Sur les frais irrépétibles
Aux termes de l’article 700 du code de procédure civile, le juge condamne la partie tenue aux dépens ou qui perd son procès à payer à l’autre partie la somme qu’il détermine, au titre des frais exposés et non compris dans les dépens. Dans tous les cas, le juge tient compte de l’équité ou de la situation économique de la partie condamnée. Il peut, même d’office, pour des raisons tirées des mêmes considérations, dire qu’il n’y a pas lieu à ces condamnations.
En l’espèce, l’équité et la situation économique de Madame [X] [G] justifient de ne pas faire application de ces dispositions.
ACM HABITAT sera donc débouté de sa demande à ce titre.

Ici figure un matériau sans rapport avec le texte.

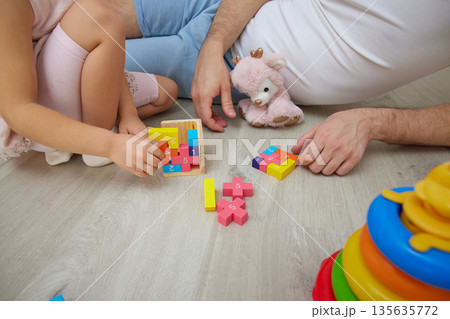 close-up of father and daughter sitting on floor at home, bonding while playing with colorful toys close-up of father and daughter sitting on floor at home, bonding while playing with colorful toys 135635772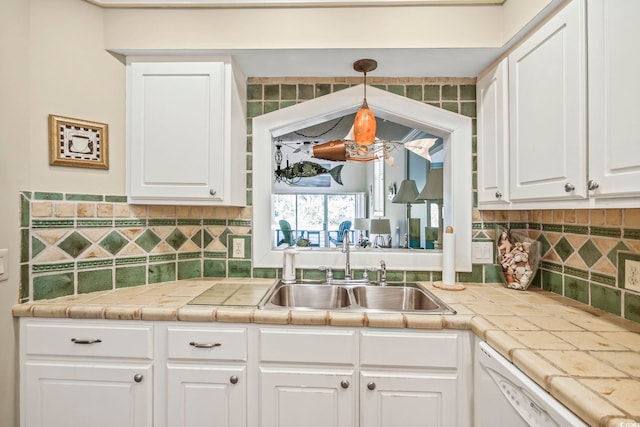 kitchen featuring white cabinetry, tile countertops, sink, and tasteful backsplash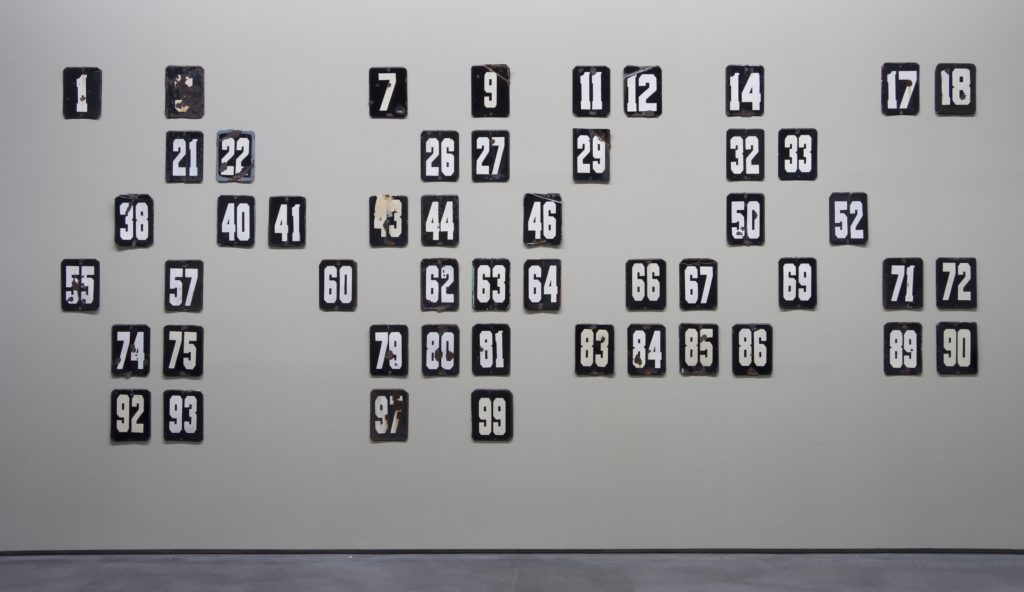 Aslan Gaisumov Numbers (2015) 50 metal plaques, overall dimensions 203 × 479 cm Courtesy of the artist and Galerie Zink, Waldkirchen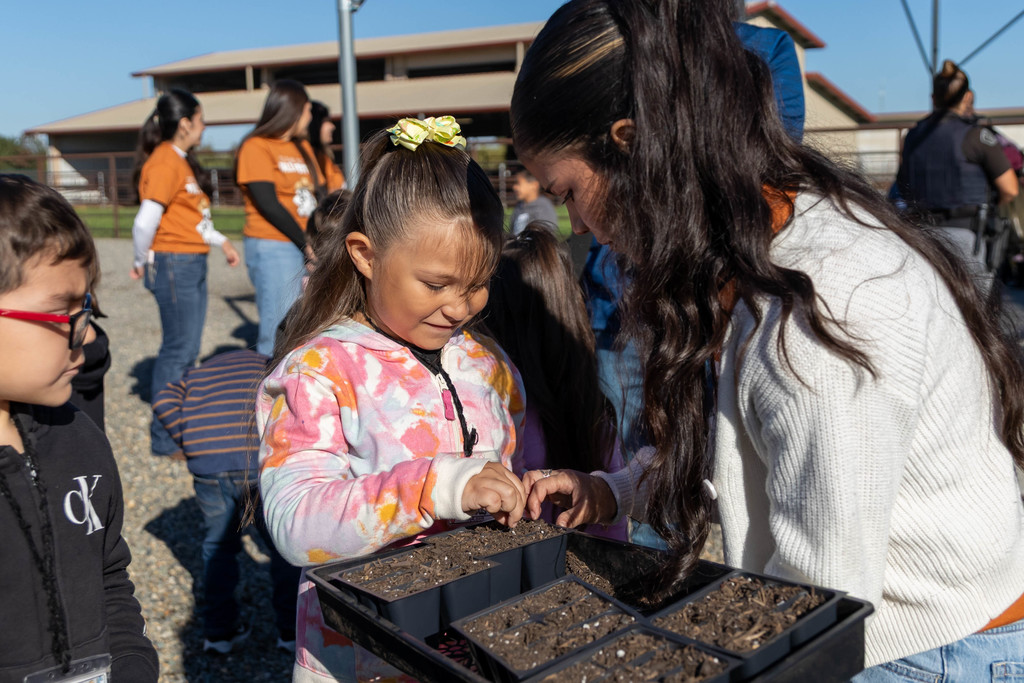 students planting seeds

Sur l’exécution provisoire
Aux termes de l’article 514-1 du code de procédure civile, le juge statuant en référé ne peut écarter l’exécution provisoire qui est, aux termes de l’article précédent, de droit pour les décisions de première instance.
PAR CES MOTIFS
Statuant publiquement en qualité de juge des référés, par ordonnance contradictoire rendue en premier ressort,
DÉCLARONS RECEVABLE l’action en référé,
CONSTATONS que les conditions d’acquisition des clauses résolutoires figurant aux baux conclus le 28 septembre 2017 entre ACM HABITAT et Madame [X] [G] concernant l’immeuble à usage d’habitation et le garage situés [Adresse 2] sont réunies à la date du 16 août 2023,
CONDAMNONS Madame [X] [G] à payer à ACM HABITAT la somme provisionnelle de 1193,70 euros, représentant l’arriéré de loyers, charges et indemnités d’occupation arrêté à la date du 31 mars 2025, mensualités du mois de mars comprises,
AUTORISONS Madame [X] [G] à se libérer de la dette, outre les loyers et les charges courants, en 35 versements mensuels de 33 euros et une 36ème mensualité qui soldera la dette,
PRÉCISONS que chaque versement devra intervenir le 15 du mois, et pour le premier versement, au plus tard le 15 du mois suivant la signification de la présente ordonnance,
SUSPENDONS les effets des clauses résolutoires pendant l’exécution des délais accordés,
DISONS que si les délais accordés sont entièrement respectés, les clauses résolutoires seront réputées n’avoir jamais été acquises,
DISONS qu’en revanche, à défaut de paiement d’une seule mensualité à son échéance, qu’elle soit due au titre du loyer et des charges courants ou de l’arriéré et au titre du logement ou du garage, les clauses de résiliation de plein droit reprendront leur plein et entier effet, de sorte que, les baux étant résiliés, Madame [X] [G] :
— sera tenue de régler immédiatement la totalité des sommes restant dues,
— qu’à défaut pour Madame [X] [G] d’avoir volontairement libéré les lieux indûment occupés avec toutes les personnes et biens s’y trouvant de son chef, dans les deux mois de la signification d’un commandement de quitter les lieux, il sera procédé à son expulsion, au besoin avec le concours de la force publique et l’aide d’un serrurier, et il sera procédé, conformément à l’article L. 433-1 du code des procédures civiles d’exécution, au transport des meubles laissés dans les lieux, à ses frais, dans tel garde-meuble désigné par la personne expulsée ou à défaut par le bailleur,
— devra payer des indemnités mensuelles d’occupation égales aux montants des loyers, augmentés des charges courantes applicables au jour de la résiliation de plein droit des baux le 16 août 2023, jusqu’à la date de la libération effective et définitive des lieux, caractérisée par la restitution des clés au bailleur ou à son mandataire, avec le cas échéant, indexation selon les dispositions contractuelles,
DÉBOUTONS ACM HABITAT de ses autres demandes,
CONDAMNONS Madame [X] [G] aux dépens,
DISONS que s’il devait être exposés des dépens pour l’exécution de la décision, ils seraient à la charge de Madame [X] [G],
DISONS n’y avoir lieu à application de l’article 700 du code de procédure civile et DÉBOUTONS ACM HABITAT de sa demande de ce chef,
CONSTATONS l’exécution provisoire,
DISONS qu’une copie de la présente décision sera transmise au représentant de l’État dans le département.
Ainsi jugé et mis à disposition au greffe les jour, mois et an que dessus et signé par le Juge et le Greffier.